Federal employment cuts hit Black workers particularly hard. The federal workforce declined by 271,000 positions in less than a year, with researchers estimating that approximately 200,000 of those lost jobs were held by Black women. Black workers comprised 18.7 percent of the federal workforce prior to these reductions—significantly higher than their 13 percent share of the overall U.S. labor force.
"If Black people had the same prime-age employment rate in 2025 that they had in 2024, then there would have been about 260,000 more prime-age Black people working," according to the report's employment analysis. "Of this number, about 200,000 would have been prime-age Black women."
The Trump administration implemented sweeping executive orders that eliminated diversity, equity, and inclusion initiatives across federal agencies, including rescinding President Lyndon B. Johnson's 1965 Equal Employment Opportunity executive order. These policy changes extended beyond federal employment to impact Black-owned businesses and economic opportunities.
Federal contracting goals for small disadvantaged businesses were reduced from 15 percent to 5 percent, creating what researchers estimate as a $60 billion gap in contracting opportunities. Based on current participation rates, this represents a potential $10 billion to $15 billion annual loss in federal funds for Black-owned firms.
Tax policy changes also favored high-income households over working families, according to the report. The One Big Beautiful Bill Act "entrenched permanent tax cuts for high-income and high-wealth households and corporations, reduced investment in poverty-alleviating programs, and left support for working families stagnant or diminished," researchers wrote.
The report documents additional policy reversals affecting Black communities, including the Consumer Financial Protection Bureau rescinding 67 guidance documents that had shaped oversight of consumer finance markets, the cancellation of $2.75 billion in Digital Equity Act grants, and changes to broadband pricing transparency requirements.
Black homeownership remained stagnant at 45 percent compared to 74 percent for white households, maintaining a nearly 30-percentage-point gap that has persisted for generations.
Perhaps most concerning to researchers was the systematic removal of accountability mechanisms designed to measure and address racial disparities.

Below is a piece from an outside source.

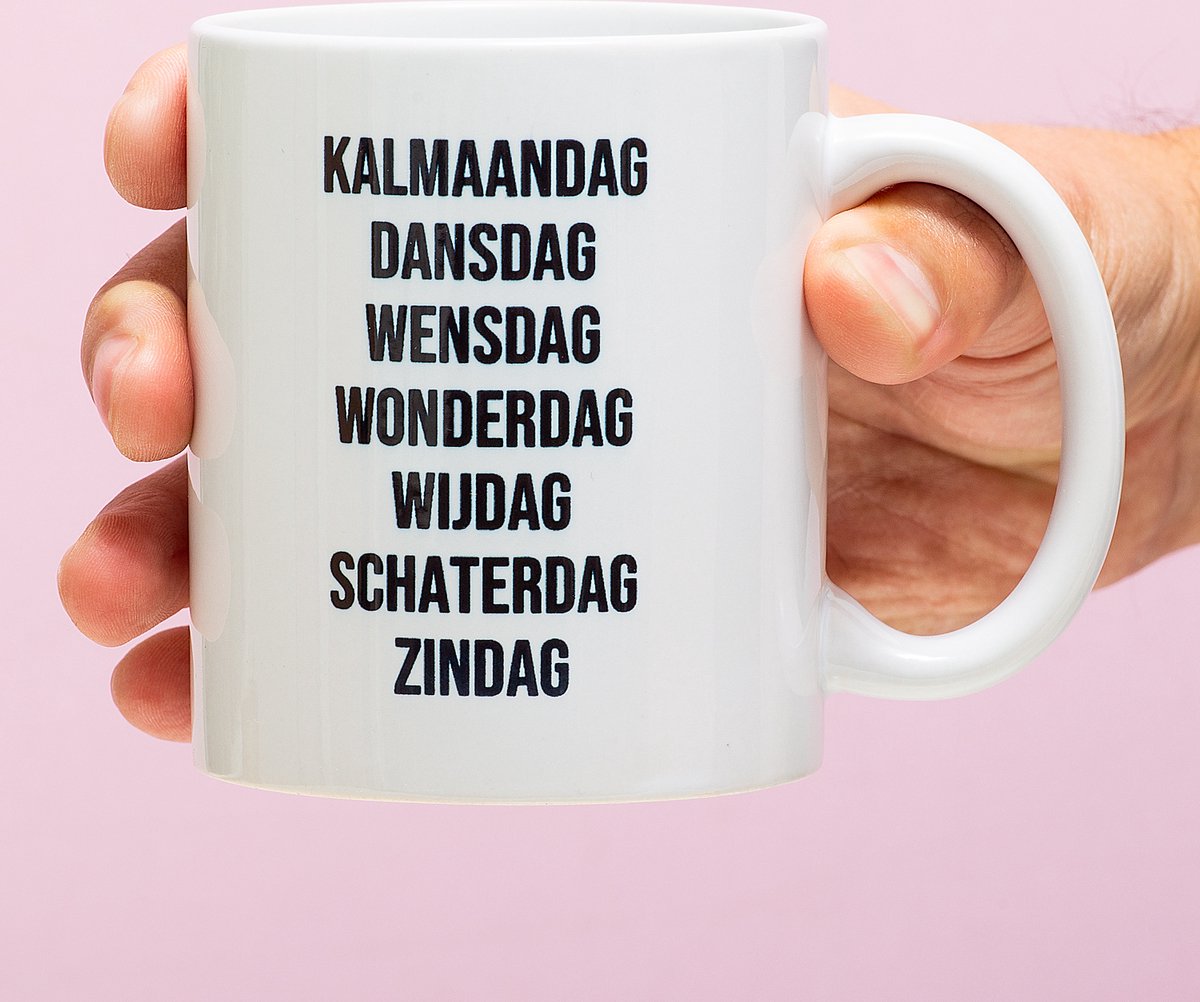 Ditverzinjeniet Mok Kalmaandag, Dansdag, Wensdag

Federal workforce demographic data disappeared from public databases, making it impossible to track whether policy changes produced discriminatory outcomes.
"The absence of data is strategic, preventing documentation that would enable accountability," the report states.
Dedrick Asante-Muhammad, president of the Joint Center for Political and Economic Studies, noted the urgency of reversing current trends.
"The question before us is not whether these outcomes are inevitable, but whether we will act—urgently and deliberately—to reverse course before regression hardens into generational loss," he said.
The report represents a collaborative effort drawing on expertise from the Joint Center staff, fellows, and external partners including United for a Fair Economy, the Center for Economic Policy Research, the National Community Reinvestment Coalition, and the Onyx Impact Group.
Researchers examined 11 key policy areas affecting Black economic security, from employment and entrepreneurship to housing, broadband access, and artificial intelligence regulation. The report also documents widespread deletions of Black history and contributions from government websites, museums, and educational materials.
State of the Dream 2026 builds on work initiated more than two decades ago by United for a Fair Economy, which first issued a "State of the Dream" report in 2004 to explore racial disparities in wealth and income.